The minister for IT also reminded the Centre to deliver on its legal commitments and ensure that the GST compensation is paid.
The reduction in devolution to 41 per cent from 42 per cent earlier will lead to an up to Rs 4,000 crore hit to Telangana, Rao told reporters on the sidelines of the NTLF here.
"Why do you want to penalise a performing state and bring down our devolution from 42 per cent to 41 per cent? This is disincentivising and demotivating,” he said.
Rao added that all the southern states have "suffered" despite delivering well on human development indicators like literacy and healthcare.
When asked about the options before the state to tide over the difficulties, he declined to comment on the strategy forward but added that the recommendations have happened despite several consultations with the Commission.
On the GST compensation payment, he said the 14 per cent revenue compensation is embodied in the Act and is a commitment made by the Union while passing the law.
“We didn't go to a court of law, but we demanded the GST compensation be paid. Hopefully, Government of India will pay in the second tranche because the first tranche has been paid. We demanded and protested in Parliament. Hopefully they will pay," he said.
Rao, whose father K Chandrashekhar Rao is the chief minister of the state, also pitched for a leeway in fiscal responsibility targets for well performing states.
"We should be given more leeway. Right now it (fiscal deficit) is about 3.5 per cent for Telangana, it should be 5 per cent,” he said.

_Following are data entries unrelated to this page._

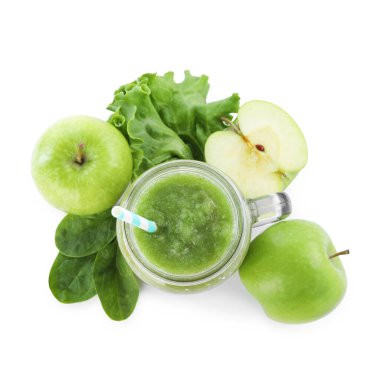 Süper yemek. Lezzetli smoothie ve malzemeler beyaz, üst görünümde izole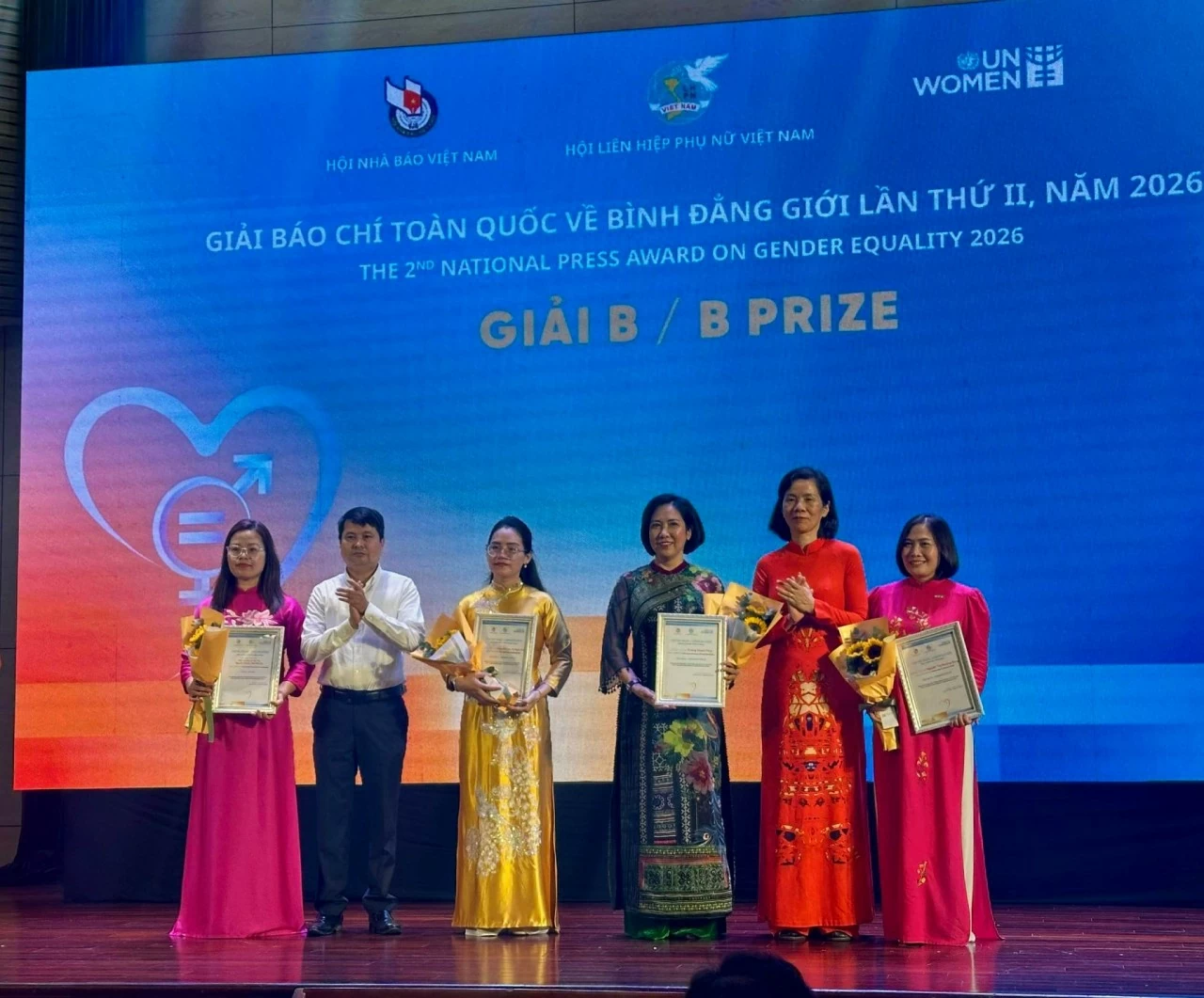 Vinh danh những cây bút xoá nhoà định kiến giới tại Việt Nam
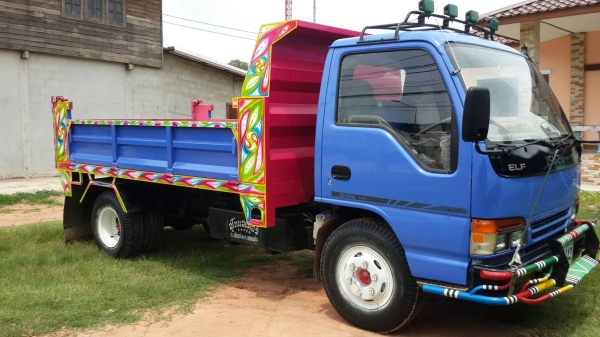 ขายด่วน6ล้อดั้ม120ฝาขาว สภาพพร้อมใช้สุดๆโทร0856842587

“We want it to be increased and we be allowed to borrow more. you can stipulate a condition that whatever you borrow, you have to put it in the productive sector. Don't spend it on freebies, we are ready to do that,” he said.

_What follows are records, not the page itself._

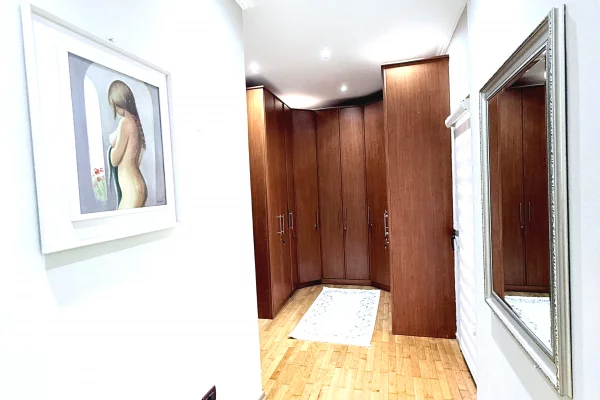 Shtepi me qera Shtepi Private ne Tirane, 2+1, Mobilimi E mobiluar, Pagesa 1,500  Euro.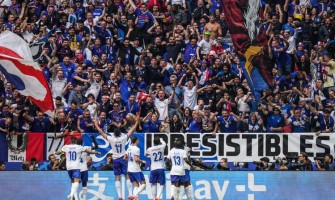 La France avance en tant que leader du groupe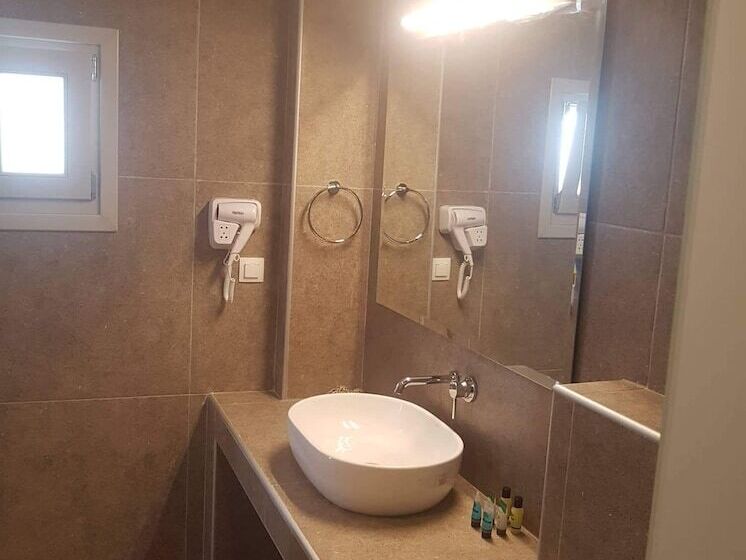 בית מלון כפרי Fomithea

He also alleged that the Union Finance Ministry's Department of Economic Affairs does not allow the states to borrow directly from foreign investors, and underlined that the Union government should be playing the role of “enabler” for states.
He also claimed that the Centre did not support Telangana's scheme for having two parks dedicated for the pharmaceutical and the textile sectors.

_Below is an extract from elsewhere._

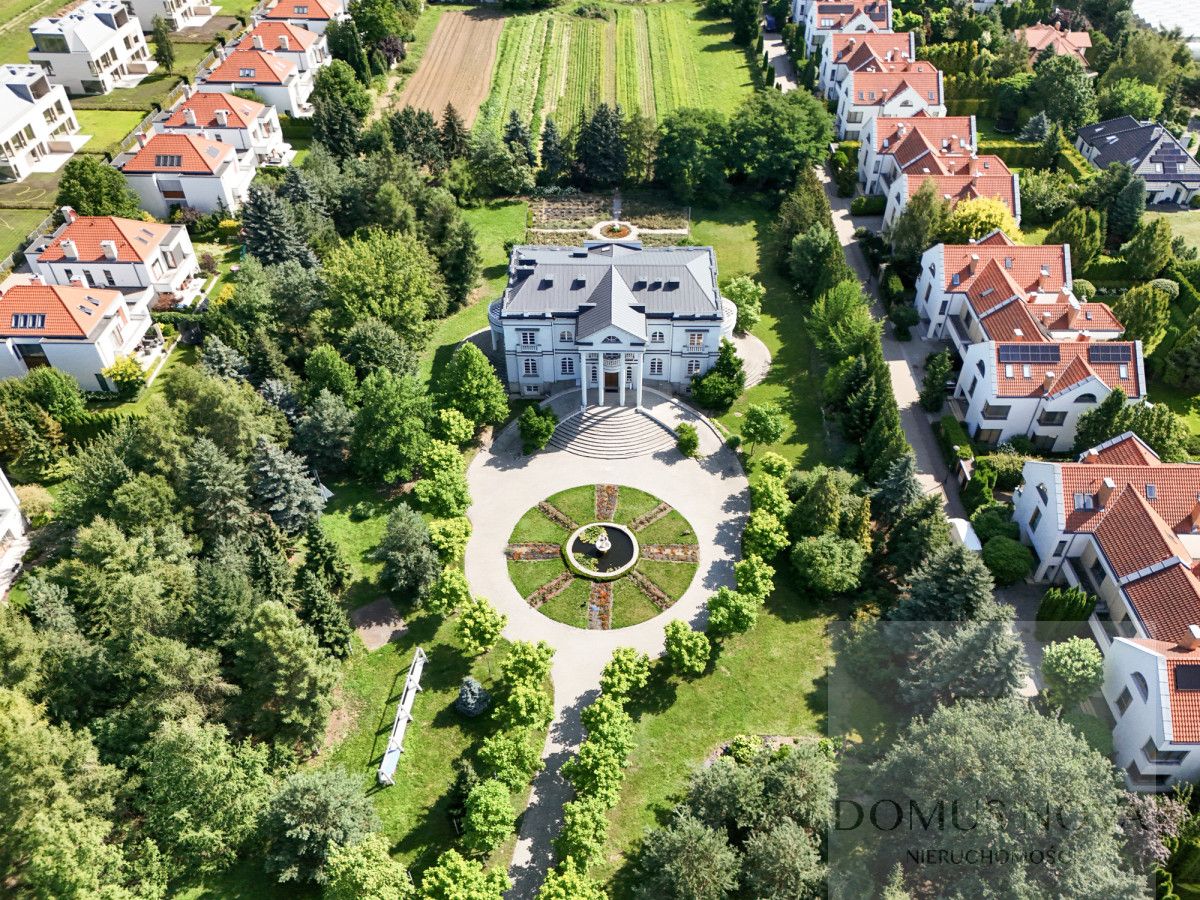 dom wolnostojący, 11 pokoi Warszawa Wilanów, ul. Syta. Zdjęcie 4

Rao rued that the “congruence” between states and the Centre is missing and warned that goals like USD 5 trillion economy will be difficult to achieve sans that.
He also questioned the need to have sectors like education, healthcare and agriculture in the concurrent list, demanding that states should be given the leeway to decide for themselves on such aspects where local factors play an important role.
The minister said we need to focus on infrastructure, innovation and inclusive growth to achieve economic growth, and urged the Centre to emulate efforts undertaken Telangana in these areas.
He also sought for regulatory changes to ensure that Indian pension money needs to be invested to create infrastructure, just like how overseas money from Canadian pensioners gets invested here.
Rao urged the tech world to develop solutions for the real sector, making it clear that innovations have no use if they can't be used for changing local peoples' lives.
He also said that the state wants to create two varsities dedicated for pharmaceuticals and aerospace.